• _Collected data_:

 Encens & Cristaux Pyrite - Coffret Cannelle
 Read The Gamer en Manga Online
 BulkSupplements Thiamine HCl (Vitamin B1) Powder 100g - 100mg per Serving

• _Problem to work on_: For each line shown above, write an exact copy.

• _Reply_:
 Encens & Cristaux Pyrite - Coffret Cannelle
 Read The Gamer en Manga Online
 BulkSupplements Thiamine HCl (Vitamin B1) Powder 100g - 100mg per Serving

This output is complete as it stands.